Sunday, May 10, 2020

Deep Learning 7-Object Detection with YOLO

May 10, 2020 19

Learn A-Z Deep Learning in 15 Days


In this Lecture, will learn about Objection Detection with Retinanet


You Only Look Once

YOLO first takes an input image. The framework then divides the input image into grids (say a n X n grid- Each grid predict):


  • Predicts B boundary boxes and each box has one box confidence score Pr(Object) ∗ IOU
  • Detects one object only regardless of the number of boxes B,
  • Predicts C conditional class probabilities (one per class for the likeliness of the object class).
  • The bounding boxes having the class probability above a threshold value is selected and used to locate the object within the image
  • Total loss = classification loss+ localization loss (errors between the predicted boundary box and the ground truth) + confidence loss (the objectness of the box)
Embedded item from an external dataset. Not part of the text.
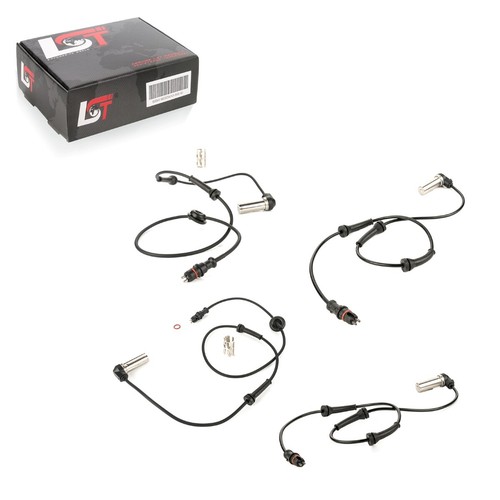 Abs sensor wheel - sensor, speed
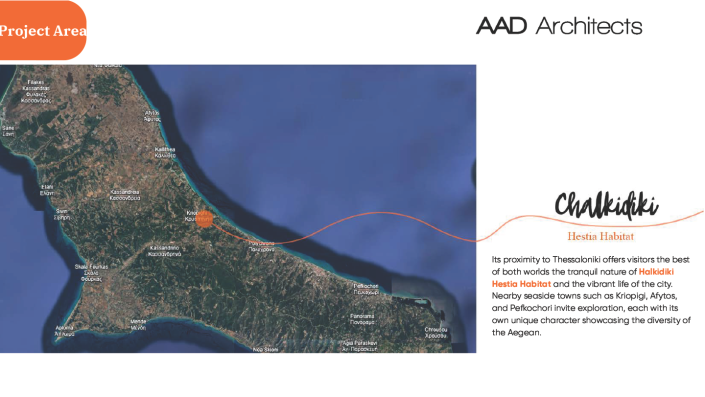 Image No.37-Jumelé de 3 chambres à vendre à Halkidiki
Data Preprocessing with Kitti dataset


Categories                    frequency

  Car----------------------28742
Pedestrian----------------4487
  Van------------------------2914
Cyclist-------------------1627
Truck--------------------1094
Misc----------------------973
Tram----------------------511
Person_sitting------------222

  • Total annotation count = 40570
  • Total images = 7481



import pandas as pd

path="kitti/training/label_2/"

df = pd.DataFrame()

# iterate the list of files in the directory 'label_2'
for filename in os.listdir(path): 
    
    filepath= os.path.join(path,filename)
# read file in csv format  
    pdtxtdata=pd.read_csv(filepath, delimiter = ' ', header=None)
    
# create the folder 'updatelabel' in the current folder    
    with open('./updatelabel/'+filename,'a') as f: 
        
# iloc takes the values at 0,4,5,6,7 i,e class_name, xmin, ymin, xmax and ymax.
        for label, xmin, ymin, xmax, ymax in pdtxtdata.iloc[:,[0,4,5,6,7]].values:
# categories 'Pedestrian' and "Person_sitting" are considered
            if label=='Pedestrian' or label=="Person_sitting":
                f.write(str(0)+' '+str(xmin)+' '+str(ymin)+' '+str(xmax)+' '+str(ymax)+'\n')


# Remove the files with 0 size
import os
path="./updatelabel/"
# Iterate the list of files in the directory 'updatelabel'
for filename in os.listdir(path):
    filepath= os.path.join(path,filename)
    if os.path.getsize(filepath)==0:
        os.remove(filepath)

# Copy and change the file name 
import os
import shutil
path="./updatelabel/"
for filename in os.listdir(path):
    shutil.copy("/kitti/training/image_2/"+filename.split('.')[0]+'.png',"./yoloimagelabel/" +filename.split('.')[0]+'.png')

# Convert the kitti to Yolo format i.e (xmin, ymin, xmax ,ymax) to (x, y, w, h) 
import pandas as pd
path="./udatelabel/"
df = pd.DataFrame()
for filename in os.listdir(path):
    filepath= os.path.join(path,filename)
    image= cv2.imread("./image/"+filename.split('.')[0]+'.png')
    image_width= image.shape[1]
    image_height= image.shape[0]
    pdtxtdata=pd.read_csv(filepath, delimiter = ' ', header=None)
    with open('./yoloimagelabel/'+filename,'a') as f:
        for label, xmin, ymin, xmax, ymax in pdtxtdata.iloc[:,[0,1,2,3,4]].values:
            f.write(str(0)+' '+str('%.6f' % float((xmin+xmax)/(2.0*image_width)))+' '+str('%.6f' % float((ymin+ymax)/(2.0*image_height)))+' '+str('%.6f' % float((xmax-xmin)/image_width))+' '+str('%.6f' % float((ymax-ymin)/image_height))+'\n')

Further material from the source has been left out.